Nowadays we hear escort more often, but not that long ago call girl was the symbol of high-class prostitution and savvy sex workers. Here are some images and a video version of Butterfield 8 that pretends the protagonist was just a slut. The imagery dates from recent enough times, when sexual liberation was a term masking gender inequality and sexism. A typical device was to grant bad women agency – a ruse we now see through but in some ways preferable to current victim imagery.
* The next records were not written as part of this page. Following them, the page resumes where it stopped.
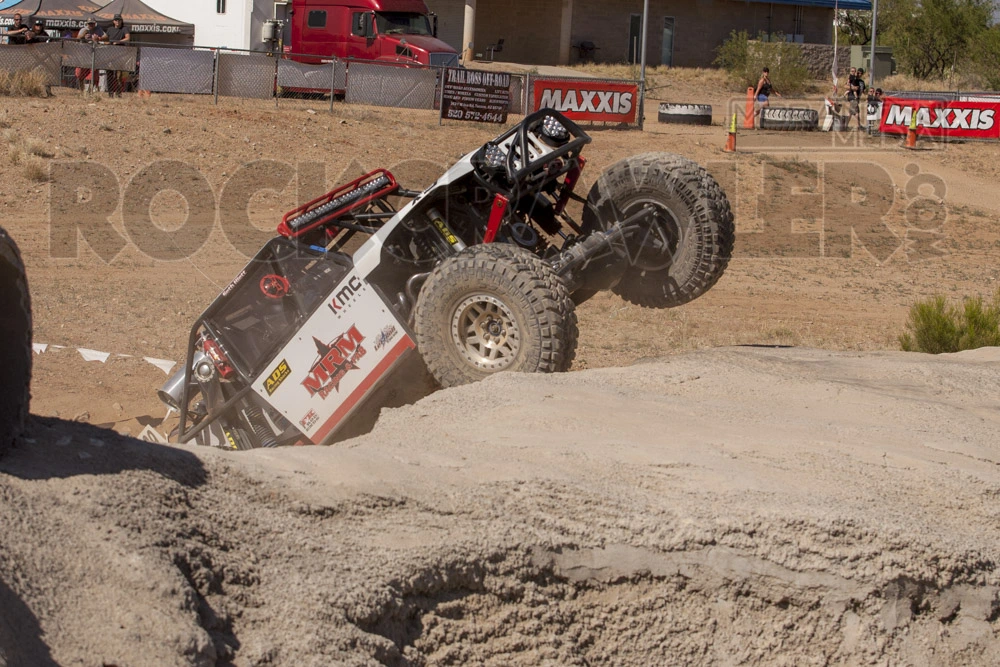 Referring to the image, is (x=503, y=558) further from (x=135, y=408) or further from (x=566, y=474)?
(x=135, y=408)

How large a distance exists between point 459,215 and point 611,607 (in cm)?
438

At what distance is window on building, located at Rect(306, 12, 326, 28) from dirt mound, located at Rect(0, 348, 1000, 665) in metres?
25.6

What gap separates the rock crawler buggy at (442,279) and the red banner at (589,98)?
16847 mm

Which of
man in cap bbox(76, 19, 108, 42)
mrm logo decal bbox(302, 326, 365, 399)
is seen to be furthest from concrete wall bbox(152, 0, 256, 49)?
mrm logo decal bbox(302, 326, 365, 399)

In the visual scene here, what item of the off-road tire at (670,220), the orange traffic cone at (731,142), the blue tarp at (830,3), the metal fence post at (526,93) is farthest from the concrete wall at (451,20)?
the off-road tire at (670,220)

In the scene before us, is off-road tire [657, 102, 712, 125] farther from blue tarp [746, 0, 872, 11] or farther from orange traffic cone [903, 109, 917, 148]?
blue tarp [746, 0, 872, 11]

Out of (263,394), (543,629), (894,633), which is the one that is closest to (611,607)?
(543,629)

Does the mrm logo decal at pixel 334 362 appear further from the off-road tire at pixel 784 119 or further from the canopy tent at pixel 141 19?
the canopy tent at pixel 141 19

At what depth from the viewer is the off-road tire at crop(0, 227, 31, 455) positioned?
11.1 ft

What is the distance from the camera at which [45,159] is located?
18031 millimetres

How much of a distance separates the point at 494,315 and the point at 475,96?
17268mm

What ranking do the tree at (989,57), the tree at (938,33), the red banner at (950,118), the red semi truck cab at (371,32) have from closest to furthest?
the red semi truck cab at (371,32)
the red banner at (950,118)
the tree at (989,57)
the tree at (938,33)

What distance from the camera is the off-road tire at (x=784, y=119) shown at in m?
28.8

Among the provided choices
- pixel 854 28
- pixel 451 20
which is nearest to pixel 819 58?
pixel 854 28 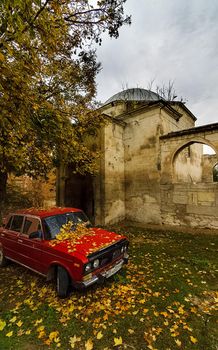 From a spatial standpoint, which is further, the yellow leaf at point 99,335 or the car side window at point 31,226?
the car side window at point 31,226

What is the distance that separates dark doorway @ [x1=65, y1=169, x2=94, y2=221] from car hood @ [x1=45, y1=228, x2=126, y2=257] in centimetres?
810

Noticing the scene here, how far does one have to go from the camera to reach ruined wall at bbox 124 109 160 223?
9945mm

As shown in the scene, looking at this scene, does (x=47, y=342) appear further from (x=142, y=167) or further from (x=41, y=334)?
(x=142, y=167)

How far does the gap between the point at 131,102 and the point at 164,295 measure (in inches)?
500

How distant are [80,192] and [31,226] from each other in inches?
339

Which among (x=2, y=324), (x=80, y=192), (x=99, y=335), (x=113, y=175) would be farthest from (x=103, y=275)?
(x=80, y=192)

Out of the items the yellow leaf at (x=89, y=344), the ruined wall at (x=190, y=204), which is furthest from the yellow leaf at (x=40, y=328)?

This is interesting if one likes thinking about all aspects of culture change in reference to commercial sex, not just politicians’ and feminists’ statements (which provide only a narrow understanding of what’s going on).
Elizabeth Taylor as Gloria in Butterfield 8
In John O’Hara’s original novel of Butterfield 8, there was no doubt that Gloria was a call girl.
In Yugoslavia they were not confused about the film, either – note the explanatory subtitle.
Many of these images come from Those Sexy Vintage Sleaze Books. Feliz año nuevo.
–Laura Agustín, the Naked Anthropologist
See also Fanny Hill?
I wonder if she would identify as a call girl. Do you remember how she connected with customers?
Alas, no (it’s a book I know of, but not yet read) – I was thinking how having a sex worker (however she’s described) as a central fictional (or biographical) character enables lots of sex in the narrative while allowing the reader a vicarious tour of the world of ‘vice’.